» Exercise aim: Return all of the data verbatim, dropping any picture.

» Provided data:
++++

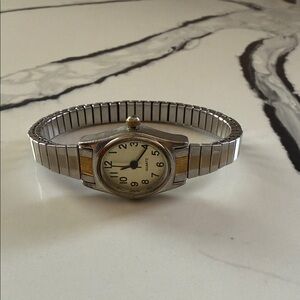 Two-Tone Silver and Gold Expandable Bracelet Quartz Watch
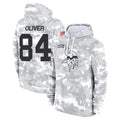 Vanessashop M.Vikings #84 Josh Oliver Player Arctic Camo Salute to Service Pullover Hoodies Limited Game Stitched Jerseys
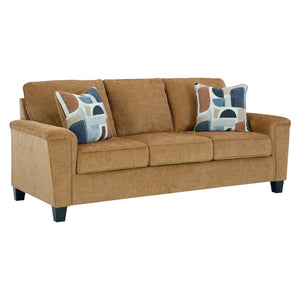 Sofa en tissu texturé miel avec coussins - Erinslane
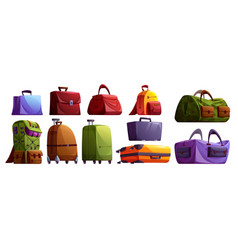 Travel Luggage And Suitcase Cartoon Set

++++

» The answer:
 Two-Tone Silver and Gold Expandable Bracelet Quartz Watch
 Vanessashop M.Vikings #84 Josh Oliver Player Arctic Camo Salute to Service Pullover Hoodies Limited Game Stitched Jerseys
 Sofa en tissu texturé miel avec coussins - Erinslane
 Travel Luggage And Suitcase Cartoon Set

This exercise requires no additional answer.